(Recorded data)
= Beginning of Section =

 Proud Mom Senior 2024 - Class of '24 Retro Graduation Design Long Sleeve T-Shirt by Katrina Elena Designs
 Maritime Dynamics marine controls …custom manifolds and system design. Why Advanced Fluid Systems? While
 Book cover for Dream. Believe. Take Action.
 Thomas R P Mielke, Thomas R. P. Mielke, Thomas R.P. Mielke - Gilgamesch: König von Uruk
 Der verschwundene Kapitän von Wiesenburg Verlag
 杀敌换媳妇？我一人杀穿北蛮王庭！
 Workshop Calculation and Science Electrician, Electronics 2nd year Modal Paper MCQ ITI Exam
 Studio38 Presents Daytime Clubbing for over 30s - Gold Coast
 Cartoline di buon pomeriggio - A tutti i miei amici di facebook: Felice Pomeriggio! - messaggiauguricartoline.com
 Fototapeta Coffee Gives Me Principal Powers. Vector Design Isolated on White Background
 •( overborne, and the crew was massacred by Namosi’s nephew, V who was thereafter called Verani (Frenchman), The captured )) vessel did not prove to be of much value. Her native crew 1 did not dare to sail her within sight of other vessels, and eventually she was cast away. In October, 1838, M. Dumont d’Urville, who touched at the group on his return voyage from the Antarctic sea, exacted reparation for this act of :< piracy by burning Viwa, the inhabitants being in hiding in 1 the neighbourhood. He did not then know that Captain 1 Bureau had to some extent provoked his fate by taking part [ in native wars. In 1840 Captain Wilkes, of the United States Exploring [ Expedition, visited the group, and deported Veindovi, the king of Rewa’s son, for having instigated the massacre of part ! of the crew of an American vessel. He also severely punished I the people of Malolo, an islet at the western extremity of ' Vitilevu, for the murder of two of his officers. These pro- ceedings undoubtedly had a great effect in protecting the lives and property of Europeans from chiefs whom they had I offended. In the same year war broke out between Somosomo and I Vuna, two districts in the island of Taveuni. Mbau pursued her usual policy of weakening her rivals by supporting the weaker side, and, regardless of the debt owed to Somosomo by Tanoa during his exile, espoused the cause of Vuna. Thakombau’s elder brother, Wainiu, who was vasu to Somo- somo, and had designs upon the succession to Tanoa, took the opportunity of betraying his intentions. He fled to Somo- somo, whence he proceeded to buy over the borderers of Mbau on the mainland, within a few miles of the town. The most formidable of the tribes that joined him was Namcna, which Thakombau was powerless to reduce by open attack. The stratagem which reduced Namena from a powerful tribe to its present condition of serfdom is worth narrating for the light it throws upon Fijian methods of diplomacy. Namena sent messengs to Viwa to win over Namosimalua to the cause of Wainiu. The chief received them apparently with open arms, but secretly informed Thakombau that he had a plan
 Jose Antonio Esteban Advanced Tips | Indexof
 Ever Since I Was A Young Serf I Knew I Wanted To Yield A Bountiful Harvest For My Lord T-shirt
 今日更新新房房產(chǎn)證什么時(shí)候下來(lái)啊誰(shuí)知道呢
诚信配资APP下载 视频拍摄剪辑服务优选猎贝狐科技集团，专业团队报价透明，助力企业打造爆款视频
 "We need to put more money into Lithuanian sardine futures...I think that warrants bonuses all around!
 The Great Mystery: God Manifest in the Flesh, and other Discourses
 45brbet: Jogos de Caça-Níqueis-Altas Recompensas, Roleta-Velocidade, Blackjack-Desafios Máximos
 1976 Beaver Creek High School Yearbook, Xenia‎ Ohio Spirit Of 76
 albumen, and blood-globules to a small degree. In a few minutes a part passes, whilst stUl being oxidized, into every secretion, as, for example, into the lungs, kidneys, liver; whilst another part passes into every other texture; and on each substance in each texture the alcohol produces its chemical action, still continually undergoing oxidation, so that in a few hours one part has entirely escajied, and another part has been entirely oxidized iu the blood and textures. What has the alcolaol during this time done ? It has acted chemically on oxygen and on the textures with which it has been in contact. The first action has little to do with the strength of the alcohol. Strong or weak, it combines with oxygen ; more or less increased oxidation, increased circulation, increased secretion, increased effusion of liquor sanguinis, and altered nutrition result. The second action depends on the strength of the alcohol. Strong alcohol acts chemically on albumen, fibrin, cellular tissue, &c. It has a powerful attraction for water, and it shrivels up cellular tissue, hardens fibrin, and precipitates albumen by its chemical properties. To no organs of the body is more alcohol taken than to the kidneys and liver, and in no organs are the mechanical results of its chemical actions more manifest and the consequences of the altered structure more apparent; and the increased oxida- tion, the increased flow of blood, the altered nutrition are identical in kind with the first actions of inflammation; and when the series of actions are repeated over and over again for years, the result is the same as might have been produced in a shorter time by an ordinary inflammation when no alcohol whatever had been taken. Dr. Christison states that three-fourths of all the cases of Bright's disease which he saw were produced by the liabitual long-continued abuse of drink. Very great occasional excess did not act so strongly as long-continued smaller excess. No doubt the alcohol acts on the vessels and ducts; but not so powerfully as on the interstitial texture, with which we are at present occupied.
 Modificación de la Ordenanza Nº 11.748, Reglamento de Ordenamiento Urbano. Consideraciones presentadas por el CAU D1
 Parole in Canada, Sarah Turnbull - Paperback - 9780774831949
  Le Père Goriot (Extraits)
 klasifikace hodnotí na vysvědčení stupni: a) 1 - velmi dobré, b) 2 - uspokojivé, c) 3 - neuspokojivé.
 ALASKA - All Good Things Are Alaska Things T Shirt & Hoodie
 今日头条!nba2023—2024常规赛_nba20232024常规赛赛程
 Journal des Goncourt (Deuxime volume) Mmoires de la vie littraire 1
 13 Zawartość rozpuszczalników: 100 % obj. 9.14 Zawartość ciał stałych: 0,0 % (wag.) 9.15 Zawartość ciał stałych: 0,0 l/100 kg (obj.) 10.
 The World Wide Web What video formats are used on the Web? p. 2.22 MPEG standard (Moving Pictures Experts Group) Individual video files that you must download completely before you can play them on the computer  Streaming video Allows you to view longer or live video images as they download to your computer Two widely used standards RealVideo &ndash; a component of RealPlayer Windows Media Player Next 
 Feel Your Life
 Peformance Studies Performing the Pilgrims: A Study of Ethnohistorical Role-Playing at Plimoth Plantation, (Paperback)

= End of Section =

**WHAT YOU WILL DO:**
Each record above is to be restated word for word.

**RESULT OF THIS TASK:**
 Proud Mom Senior 2024 - Class of '24 Retro Graduation Design Long Sleeve T-Shirt by Katrina Elena Designs
 Maritime Dynamics marine controls …custom manifolds and system design. Why Advanced Fluid Systems? While
 Book cover for Dream. Believe. Take Action.
 Thomas R P Mielke, Thomas R. P. Mielke, Thomas R.P. Mielke - Gilgamesch: König von Uruk
 Der verschwundene Kapitän von Wiesenburg Verlag
 杀敌换媳妇？我一人杀穿北蛮王庭！
 Workshop Calculation and Science Electrician, Electronics 2nd year Modal Paper MCQ ITI Exam
 Studio38 Presents Daytime Clubbing for over 30s - Gold Coast
 Cartoline di buon pomeriggio - A tutti i miei amici di facebook: Felice Pomeriggio! - messaggiauguricartoline.com
 Fototapeta Coffee Gives Me Principal Powers. Vector Design Isolated on White Background
 •( overborne, and the crew was massacred by Namosi’s nephew, V who was thereafter called Verani (Frenchman), The captured )) vessel did not prove to be of much value. Her native crew 1 did not dare to sail her within sight of other vessels, and eventually she was cast away. In October, 1838, M. Dumont d’Urville, who touched at the group on his return voyage from the Antarctic sea, exacted reparation for this act of :< piracy by burning Viwa, the inhabitants being in hiding in 1 the neighbourhood. He did not then know that Captain 1 Bureau had to some extent provoked his fate by taking part [ in native wars. In 1840 Captain Wilkes, of the United States Exploring [ Expedition, visited the group, and deported Veindovi, the king of Rewa’s son, for having instigated the massacre of part ! of the crew of an American vessel. He also severely punished I the people of Malolo, an islet at the western extremity of ' Vitilevu, for the murder of two of his officers. These pro- ceedings undoubtedly had a great effect in protecting the lives and property of Europeans from chiefs whom they had I offended. In the same year war broke out between Somosomo and I Vuna, two districts in the island of Taveuni. Mbau pursued her usual policy of weakening her rivals by supporting the weaker side, and, regardless of the debt owed to Somosomo by Tanoa during his exile, espoused the cause of Vuna. Thakombau’s elder brother, Wainiu, who was vasu to Somo- somo, and had designs upon the succession to Tanoa, took the opportunity of betraying his intentions. He fled to Somo- somo, whence he proceeded to buy over the borderers of Mbau on the mainland, within a few miles of the town. The most formidable of the tribes that joined him was Namcna, which Thakombau was powerless to reduce by open attack. The stratagem which reduced Namena from a powerful tribe to its present condition of serfdom is worth narrating for the light it throws upon Fijian methods of diplomacy. Namena sent messengs to Viwa to win over Namosimalua to the cause of Wainiu. The chief received them apparently with open arms, but secretly informed Thakombau that he had a plan
 Jose Antonio Esteban Advanced Tips | Indexof
 Ever Since I Was A Young Serf I Knew I Wanted To Yield A Bountiful Harvest For My Lord T-shirt
 今日更新新房房產(chǎn)證什么時(shí)候下來(lái)啊誰(shuí)知道呢
诚信配资APP下载 视频拍摄剪辑服务优选猎贝狐科技集团，专业团队报价透明，助力企业打造爆款视频
 "We need to put more money into Lithuanian sardine futures...I think that warrants bonuses all around!
 The Great Mystery: God Manifest in the Flesh, and other Discourses
 45brbet: Jogos de Caça-Níqueis-Altas Recompensas, Roleta-Velocidade, Blackjack-Desafios Máximos
 1976 Beaver Creek High School Yearbook, Xenia‎ Ohio Spirit Of 76
 albumen, and blood-globules to a small degree. In a few minutes a part passes, whilst stUl being oxidized, into every secretion, as, for example, into the lungs, kidneys, liver; whilst another part passes into every other texture; and on each substance in each texture the alcohol produces its chemical action, still continually undergoing oxidation, so that in a few hours one part has entirely escajied, and another part has been entirely oxidized iu the blood and textures. What has the alcolaol during this time done ? It has acted chemically on oxygen and on the textures with which it has been in contact. The first action has little to do with the strength of the alcohol. Strong or weak, it combines with oxygen ; more or less increased oxidation, increased circulation, increased secretion, increased effusion of liquor sanguinis, and altered nutrition result. The second action depends on the strength of the alcohol. Strong alcohol acts chemically on albumen, fibrin, cellular tissue, &c. It has a powerful attraction for water, and it shrivels up cellular tissue, hardens fibrin, and precipitates albumen by its chemical properties. To no organs of the body is more alcohol taken than to the kidneys and liver, and in no organs are the mechanical results of its chemical actions more manifest and the consequences of the altered structure more apparent; and the increased oxida- tion, the increased flow of blood, the altered nutrition are identical in kind with the first actions of inflammation; and when the series of actions are repeated over and over again for years, the result is the same as might have been produced in a shorter time by an ordinary inflammation when no alcohol whatever had been taken. Dr. Christison states that three-fourths of all the cases of Bright's disease which he saw were produced by the liabitual long-continued abuse of drink. Very great occasional excess did not act so strongly as long-continued smaller excess. No doubt the alcohol acts on the vessels and ducts; but not so powerfully as on the interstitial texture, with which we are at present occupied.
 Modificación de la Ordenanza Nº 11.748, Reglamento de Ordenamiento Urbano. Consideraciones presentadas por el CAU D1
 Parole in Canada, Sarah Turnbull - Paperback - 9780774831949
  Le Père Goriot (Extraits)
 klasifikace hodnotí na vysvědčení stupni: a) 1 - velmi dobré, b) 2 - uspokojivé, c) 3 - neuspokojivé.
 ALASKA - All Good Things Are Alaska Things T Shirt & Hoodie
 今日头条!nba2023—2024常规赛_nba20232024常规赛赛程
 Journal des Goncourt (Deuxime volume) Mmoires de la vie littraire 1
 13 Zawartość rozpuszczalników: 100 % obj. 9.14 Zawartość ciał stałych: 0,0 % (wag.) 9.15 Zawartość ciał stałych: 0,0 l/100 kg (obj.) 10.
 The World Wide Web What video formats are used on the Web? p. 2.22 MPEG standard (Moving Pictures Experts Group) Individual video files that you must download completely before you can play them on the computer  Streaming video Allows you to view longer or live video images as they download to your computer Two widely used standards RealVideo &ndash; a component of RealPlayer Windows Media Player Next 
 Feel Your Life
 Peformance Studies Performing the Pilgrims: A Study of Ethnohistorical Role-Playing at Plimoth Plantation, (Paperback)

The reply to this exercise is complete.